Re: Limit dentry cache entries

Dave Chinner <david@xxxxxxxxxxxxx> · Tue, 21 May 2013 08:53:42 +1000

On Sun, May 19, 2013 at 11:50:55PM -0400, Keyur Govande wrote:
> Hello,
> 
> We have a bunch of servers that create a lot of temp files, or check
> for the existence of non-existent files. Every such operation creates
> a dentry object and soon most of the free memory is consumed for
> 'negative' dentry entries. This behavior was observed on both CentOS
> kernel v.2.6.32-358 and Amazon Linux kernel v.3.4.43-4.
> 
> There are also some processes running that occasionally allocate large
> chunks of memory, and when this happens the kernel clears out a bunch
> of stale dentry caches. This clearing takes some time. kswapd kicks
> in, and allocations and bzero() of 4GB that normally takes <1s, takes
> 20s or more.
> 
> Because the memory needs are non-continuous but negative dentry
> generation is fairly continuous, vfs_cache_pressure doesn't help much.
> 
> The thought I had was to have a sysctl that limits the number of
> dentries per super-block (sb-max-dentry). Everytime a new dentry is
> allocated in d_alloc(), check if dentry_stat.nr_dentry exceeds (number
> of super blocks * sb-max-dentry). If yes, queue up an asynchronous
> workqueue call to prune_dcache(). Also have a separate sysctl to
> indicate by what percentage to reduce the dentry entries when this
> happens.

This request does come up every so often. There are valid reasons
for being able to control the exact size of the dentry and page
caches - I've seen a few implementations in storage appliance
vendor kernels where total control of memory usage yields a few
percent better performance of industry specific benchmarks. Indeed,
years ago I thought that capping the size of the dnetry cache was a
good idea, too.

However, the problem that I've seen with every single on of these
implementations is that the limit is carefully tuned for best all
round performance in a given set of canned workloads. When the limit
is wrong, performance tanks, and it is just about impossible to set
a limit correctly for a machine that has a changing workload.

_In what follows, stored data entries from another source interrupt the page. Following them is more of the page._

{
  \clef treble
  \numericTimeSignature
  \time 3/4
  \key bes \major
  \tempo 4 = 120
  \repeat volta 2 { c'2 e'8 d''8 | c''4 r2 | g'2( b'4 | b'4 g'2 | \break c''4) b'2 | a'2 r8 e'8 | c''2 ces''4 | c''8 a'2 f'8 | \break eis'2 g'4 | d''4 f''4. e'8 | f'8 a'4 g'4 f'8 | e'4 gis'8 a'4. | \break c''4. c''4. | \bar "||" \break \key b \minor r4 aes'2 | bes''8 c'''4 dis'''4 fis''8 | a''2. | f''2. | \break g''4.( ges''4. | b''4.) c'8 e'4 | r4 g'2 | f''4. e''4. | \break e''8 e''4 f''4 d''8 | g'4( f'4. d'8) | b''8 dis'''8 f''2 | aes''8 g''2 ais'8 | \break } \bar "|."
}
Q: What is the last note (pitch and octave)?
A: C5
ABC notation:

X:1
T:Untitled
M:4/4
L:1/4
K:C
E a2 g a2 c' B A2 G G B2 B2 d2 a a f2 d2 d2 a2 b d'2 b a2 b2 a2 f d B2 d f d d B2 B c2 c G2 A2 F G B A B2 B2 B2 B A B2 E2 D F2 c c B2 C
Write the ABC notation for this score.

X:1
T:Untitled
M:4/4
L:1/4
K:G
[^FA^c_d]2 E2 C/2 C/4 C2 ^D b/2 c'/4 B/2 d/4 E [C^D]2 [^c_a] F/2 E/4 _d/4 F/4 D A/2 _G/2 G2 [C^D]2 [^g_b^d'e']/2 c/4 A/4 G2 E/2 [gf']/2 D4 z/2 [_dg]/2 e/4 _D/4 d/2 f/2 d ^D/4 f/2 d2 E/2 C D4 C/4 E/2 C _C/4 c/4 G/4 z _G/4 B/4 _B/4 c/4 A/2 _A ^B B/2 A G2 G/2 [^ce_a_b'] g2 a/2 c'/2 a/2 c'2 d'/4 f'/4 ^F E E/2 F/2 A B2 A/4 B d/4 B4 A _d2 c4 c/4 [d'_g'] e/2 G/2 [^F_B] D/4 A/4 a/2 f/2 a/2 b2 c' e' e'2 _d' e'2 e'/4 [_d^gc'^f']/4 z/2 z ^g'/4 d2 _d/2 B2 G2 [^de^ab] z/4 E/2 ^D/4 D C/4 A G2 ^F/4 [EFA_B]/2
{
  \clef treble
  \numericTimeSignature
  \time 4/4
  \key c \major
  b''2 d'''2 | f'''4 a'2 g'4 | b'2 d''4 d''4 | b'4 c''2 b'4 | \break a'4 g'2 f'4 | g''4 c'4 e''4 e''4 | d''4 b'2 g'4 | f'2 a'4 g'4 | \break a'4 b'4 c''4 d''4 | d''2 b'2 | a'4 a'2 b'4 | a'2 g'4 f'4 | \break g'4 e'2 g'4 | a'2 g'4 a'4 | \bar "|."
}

If your problem is negative dentries building up, where do you set
the limit? Set it low enough to keep only a small number of total
dentries to keep the negative dentries down, and you'll end up
with a dentry cache that isn't big enough to hold all th dentries
needed for efficient performance with workloads that do directory
traversals. It's a two-edged sword, and most people do not have
enough knowledge to tune a knob correctly.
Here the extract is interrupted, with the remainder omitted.